Just after midnight on Jan. 30, 250 volunteers, equipped with backpacks filled with snacks, drinks, hand warmers, and flashlights, descended onto every Boston neighborhood to count all unsheltered individuals as part of the city’s 2025 Homeless Census.
Boston has conducted this point-in-time count for 45 years—a national requirement for communities that receive Continuum of Care funds from the U.S. Department of Housing and Urban Development (HUD).
“Tonight, our hope is that we don’t find a lot of people, but our objective is to help people and get some data,” Larry Seaman, the CEO of FamilyAid Boston, told the group assigned to the Beacon Hill neighborhood gathered at the Government Center MBTA station ahead of their expedition.

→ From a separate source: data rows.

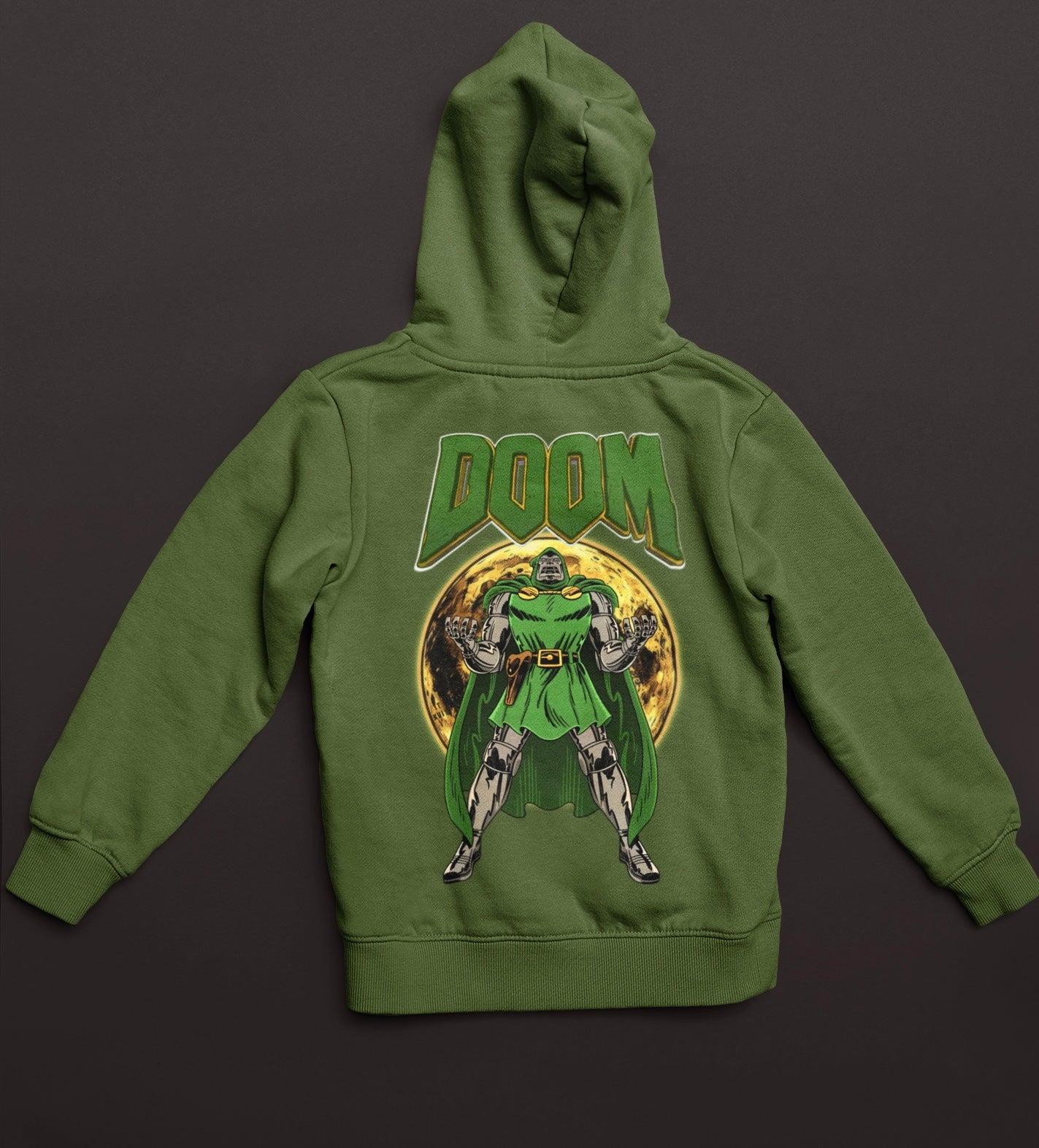 Doom Hoodie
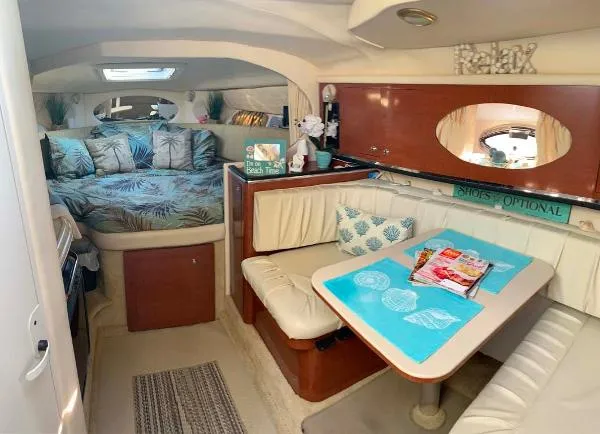 Slide: The Image of Sea Ray 290 Amberjack 2003 - 7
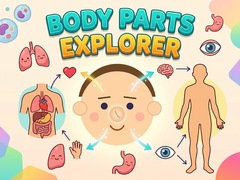 Lojë Body Parts Explorer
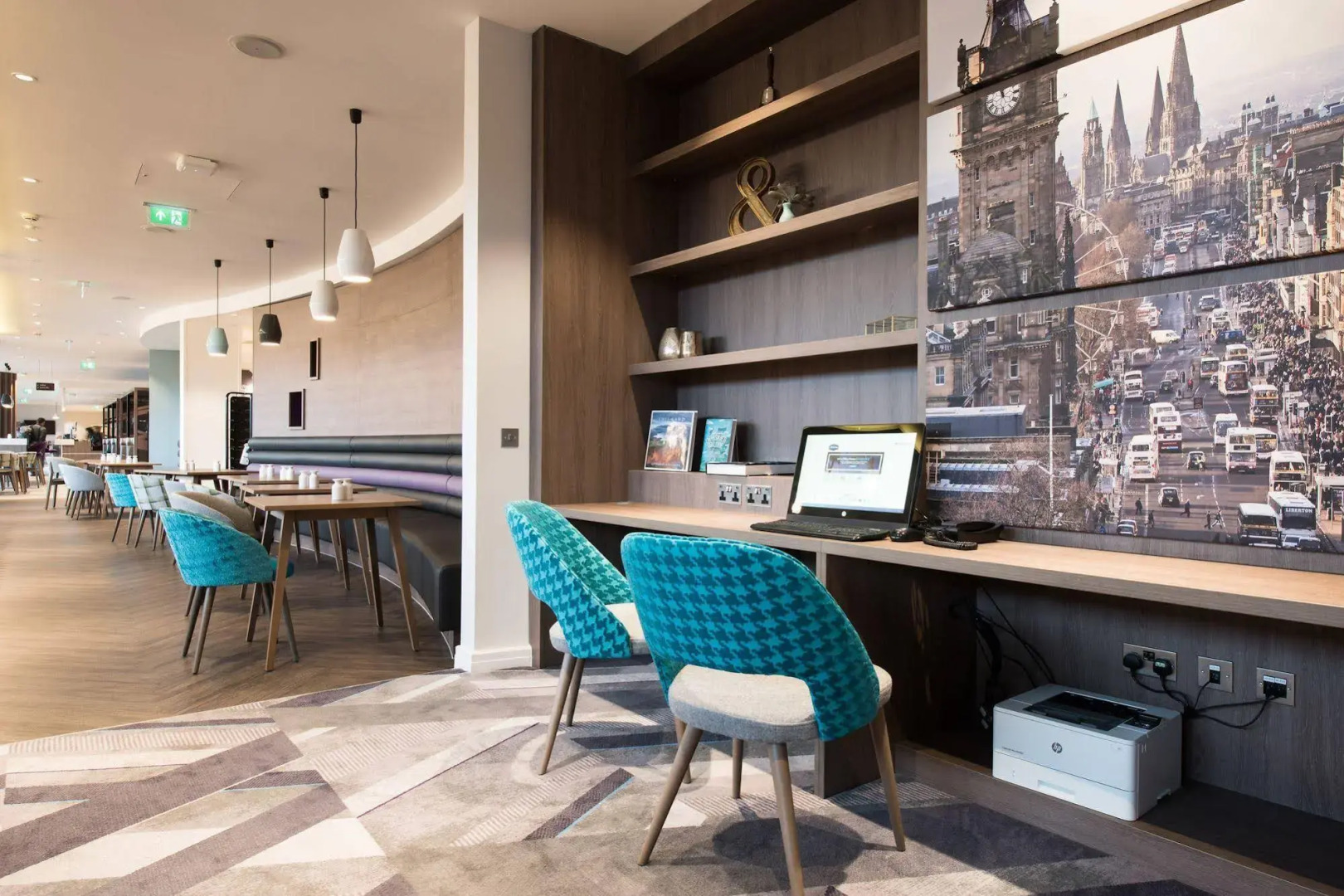 Photo - Hampton By Hilton Edinburgh West End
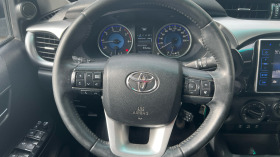 Toyota Hilux 2.4 D-4D 6MT, снимка 13 - Автомобили и джипове - 45404576
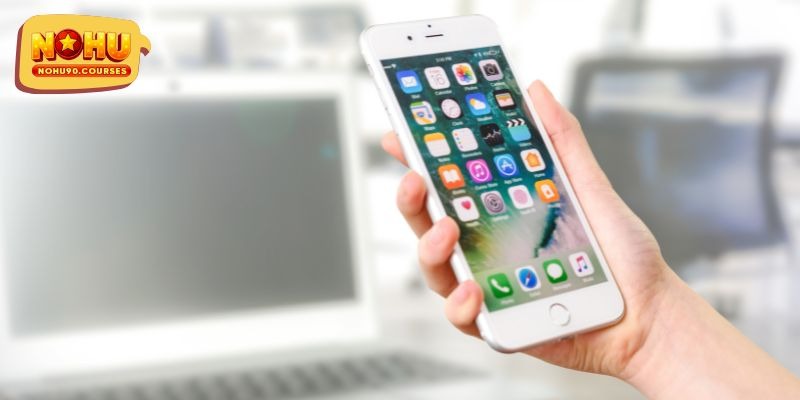 Hướng dẫn cài đặt app NOHU90 trên điện thoại iPhone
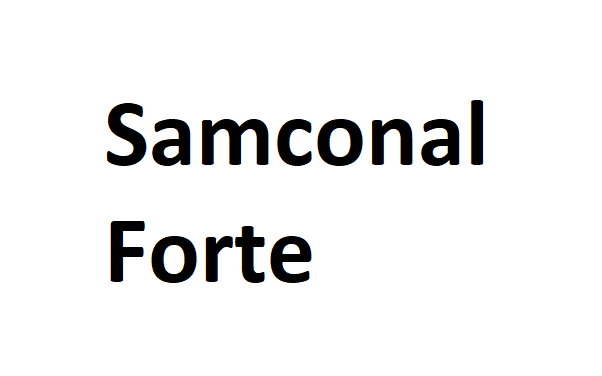 Samconal Forte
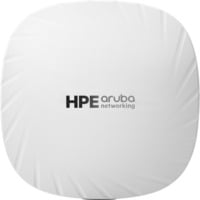 Hewlett Packard Enterprise Aruba AP-505 (RW) 1774 Mbit/s Blanc Connexion Ethernet, supportant l'alimentation via ce port (PoE), Point d'accès a Hewlett Packard Enterprise company Aruba AP-505 (RW), 1774 Mbit/s, 574 Mbit/s, 1200 Mbit/s, 10,100,1000 Mbit/s, IEEE 802.11a, IEEE 802.11ac, IEEE 802.11ax, IEEE 802.11b, IEEE 802.11g, IEEE 802.11n, IEEE..., Multi User MIMO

City and federal officials, homeless services providers, and public health and safety first responders made up the total volunteer group. They canvassed 45 areas, including neighborhoods, Logan Airport, and Boston’s transit and parks systems. Out on the street, with a nighttime temperature of 20 degrees Fahrenheit,, they began by looking for individuals in places where they would be able to find warmth, such as storefronts, cars, train stations, and air grates.
When encountering a person who was homeless, Seamans instructed volunteers to introduce themselves and explain their objective before engaging in further conversation.
“Interact with people in a way you’d hope to be interacted with,” he said. “It is all about dignity and respect.”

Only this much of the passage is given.